Start of Input records

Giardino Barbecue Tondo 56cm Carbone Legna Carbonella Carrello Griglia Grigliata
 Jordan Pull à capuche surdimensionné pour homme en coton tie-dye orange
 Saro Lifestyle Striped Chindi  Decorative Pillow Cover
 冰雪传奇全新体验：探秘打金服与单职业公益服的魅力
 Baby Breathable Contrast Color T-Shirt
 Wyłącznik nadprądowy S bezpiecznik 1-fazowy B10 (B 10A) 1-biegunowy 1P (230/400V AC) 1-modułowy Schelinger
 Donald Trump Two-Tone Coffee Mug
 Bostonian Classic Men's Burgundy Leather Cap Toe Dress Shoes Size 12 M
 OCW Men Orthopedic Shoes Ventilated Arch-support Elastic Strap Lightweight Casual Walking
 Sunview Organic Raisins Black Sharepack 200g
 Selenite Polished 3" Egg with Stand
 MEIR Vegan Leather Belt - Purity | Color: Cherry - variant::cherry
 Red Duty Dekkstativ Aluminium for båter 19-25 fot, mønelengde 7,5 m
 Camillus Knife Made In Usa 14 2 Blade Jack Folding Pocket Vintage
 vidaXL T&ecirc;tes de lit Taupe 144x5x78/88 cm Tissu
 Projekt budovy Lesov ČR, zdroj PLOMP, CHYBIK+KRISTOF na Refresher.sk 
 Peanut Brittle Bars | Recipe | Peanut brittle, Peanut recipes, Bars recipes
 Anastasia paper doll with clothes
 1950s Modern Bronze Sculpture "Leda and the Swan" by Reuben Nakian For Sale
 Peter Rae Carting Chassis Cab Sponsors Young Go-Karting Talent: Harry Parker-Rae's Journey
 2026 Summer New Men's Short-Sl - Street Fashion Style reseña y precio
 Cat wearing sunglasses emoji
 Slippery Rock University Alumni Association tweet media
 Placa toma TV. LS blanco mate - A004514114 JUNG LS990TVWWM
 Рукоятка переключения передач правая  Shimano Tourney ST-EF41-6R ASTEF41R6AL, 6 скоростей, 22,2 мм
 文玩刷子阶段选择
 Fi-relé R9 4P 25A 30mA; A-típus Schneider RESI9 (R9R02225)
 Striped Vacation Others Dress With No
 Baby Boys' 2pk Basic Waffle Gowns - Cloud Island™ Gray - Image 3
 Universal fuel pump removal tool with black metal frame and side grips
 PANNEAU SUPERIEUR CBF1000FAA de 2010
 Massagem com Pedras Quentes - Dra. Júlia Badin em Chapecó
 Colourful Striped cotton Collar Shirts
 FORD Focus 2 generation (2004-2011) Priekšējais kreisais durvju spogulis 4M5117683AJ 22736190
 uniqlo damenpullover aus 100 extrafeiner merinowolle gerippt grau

End of Input records

## Brief
All of the material is to be duplicated exactly.

## Exercise answer
Giardino Barbecue Tondo 56cm Carbone Legna Carbonella Carrello Griglia Grigliata
 Jordan Pull à capuche surdimensionné pour homme en coton tie-dye orange
 Saro Lifestyle Striped Chindi  Decorative Pillow Cover
 冰雪传奇全新体验：探秘打金服与单职业公益服的魅力
 Baby Breathable Contrast Color T-Shirt
 Wyłącznik nadprądowy S bezpiecznik 1-fazowy B10 (B 10A) 1-biegunowy 1P (230/400V AC) 1-modułowy Schelinger
 Donald Trump Two-Tone Coffee Mug
 Bostonian Classic Men's Burgundy Leather Cap Toe Dress Shoes Size 12 M
 OCW Men Orthopedic Shoes Ventilated Arch-support Elastic Strap Lightweight Casual Walking
 Sunview Organic Raisins Black Sharepack 200g
 Selenite Polished 3" Egg with Stand
 MEIR Vegan Leather Belt - Purity | Color: Cherry - variant::cherry
 Red Duty Dekkstativ Aluminium for båter 19-25 fot, mønelengde 7,5 m
 Camillus Knife Made In Usa 14 2 Blade Jack Folding Pocket Vintage
 vidaXL T&ecirc;tes de lit Taupe 144x5x78/88 cm Tissu
 Projekt budovy Lesov ČR, zdroj PLOMP, CHYBIK+KRISTOF na Refresher.sk 
 Peanut Brittle Bars | Recipe | Peanut brittle, Peanut recipes, Bars recipes
 Anastasia paper doll with clothes
 1950s Modern Bronze Sculpture "Leda and the Swan" by Reuben Nakian For Sale
 Peter Rae Carting Chassis Cab Sponsors Young Go-Karting Talent: Harry Parker-Rae's Journey
 2026 Summer New Men's Short-Sl - Street Fashion Style reseña y precio
 Cat wearing sunglasses emoji
 Slippery Rock University Alumni Association tweet media
 Placa toma TV. LS blanco mate - A004514114 JUNG LS990TVWWM
 Рукоятка переключения передач правая  Shimano Tourney ST-EF41-6R ASTEF41R6AL, 6 скоростей, 22,2 мм
 文玩刷子阶段选择
 Fi-relé R9 4P 25A 30mA; A-típus Schneider RESI9 (R9R02225)
 Striped Vacation Others Dress With No
 Baby Boys' 2pk Basic Waffle Gowns - Cloud Island™ Gray - Image 3
 Universal fuel pump removal tool with black metal frame and side grips
 PANNEAU SUPERIEUR CBF1000FAA de 2010
 Massagem com Pedras Quentes - Dra. Júlia Badin em Chapecó
 Colourful Striped cotton Collar Shirts
 FORD Focus 2 generation (2004-2011) Priekšējais kreisais durvju spogulis 4M5117683AJ 22736190
 uniqlo damenpullover aus 100 extrafeiner merinowolle gerippt grau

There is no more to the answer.